**Action item**. Once you find the line with "Casa Inn Hostal" in the data below, transcribe exactly each line from there to the line with "ALTE AUTOMOTIVE 88638AL EAN: 5908015935261.", inclusive, and nothing else. Drop the pictures.

**Dataset extract**.
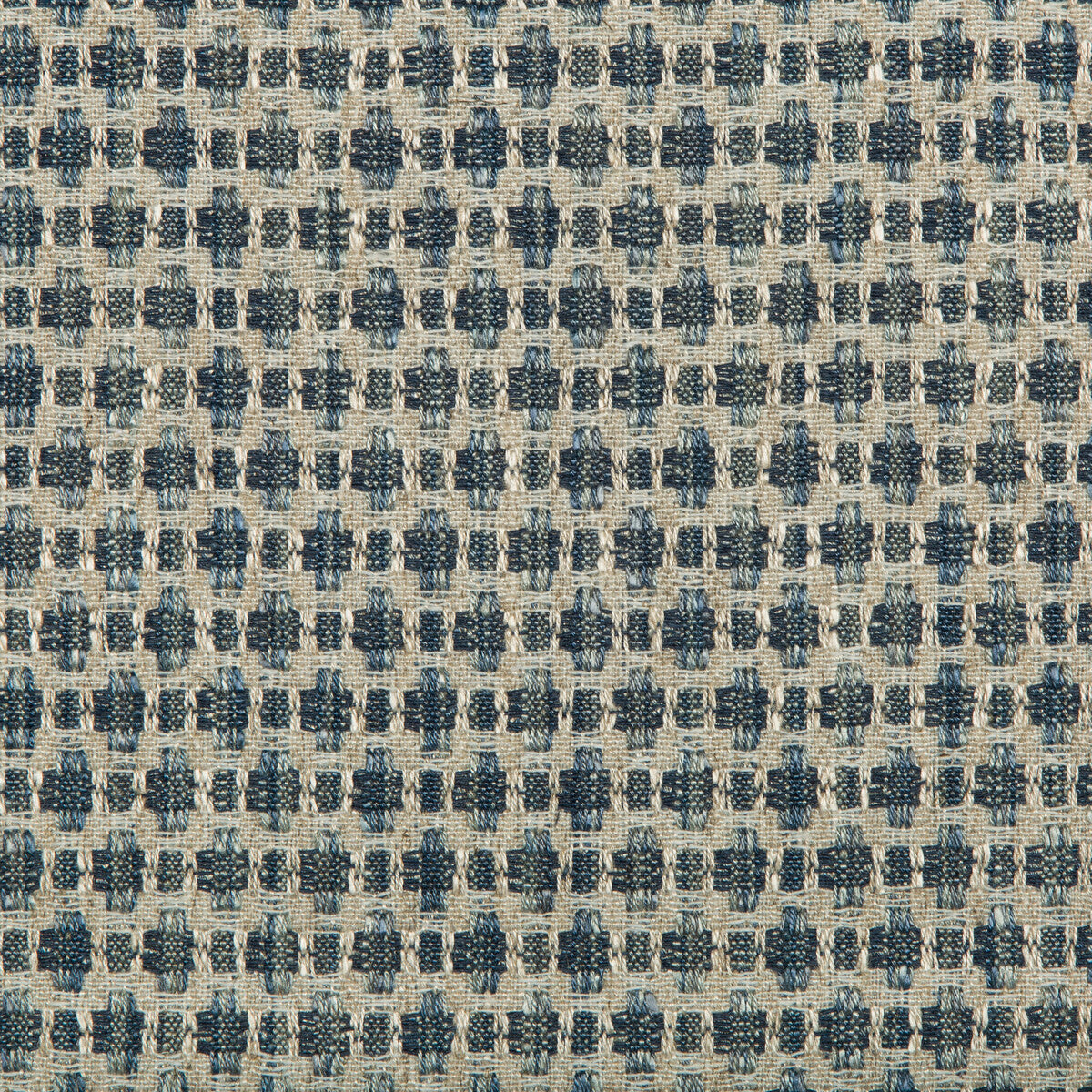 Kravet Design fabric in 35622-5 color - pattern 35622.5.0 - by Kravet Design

* * *

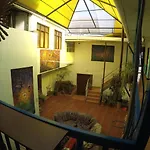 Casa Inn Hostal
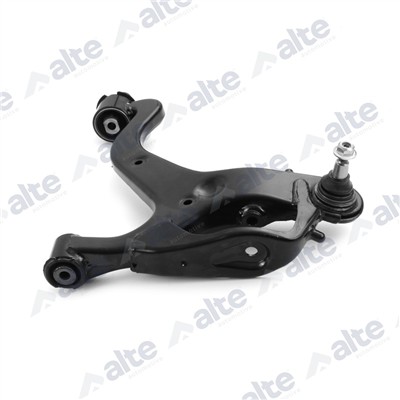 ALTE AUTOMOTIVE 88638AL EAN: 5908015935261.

---

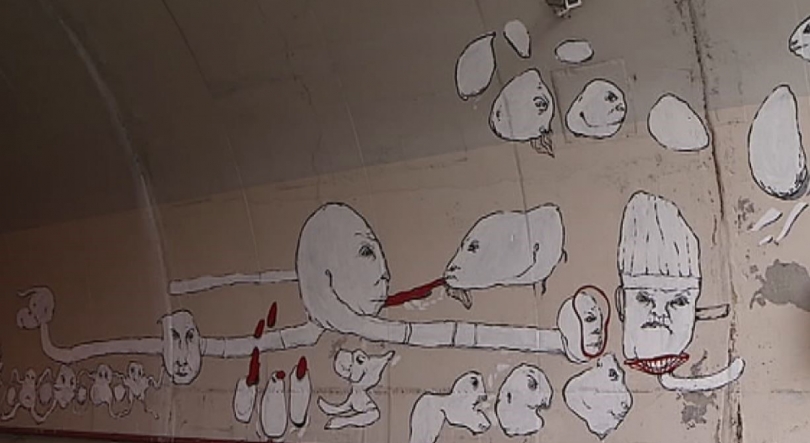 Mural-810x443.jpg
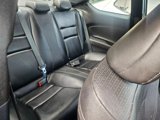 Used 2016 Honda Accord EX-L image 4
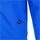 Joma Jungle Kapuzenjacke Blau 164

**Exercise solution**.
 Casa Inn Hostal
 ALTE AUTOMOTIVE 88638AL EAN: 5908015935261.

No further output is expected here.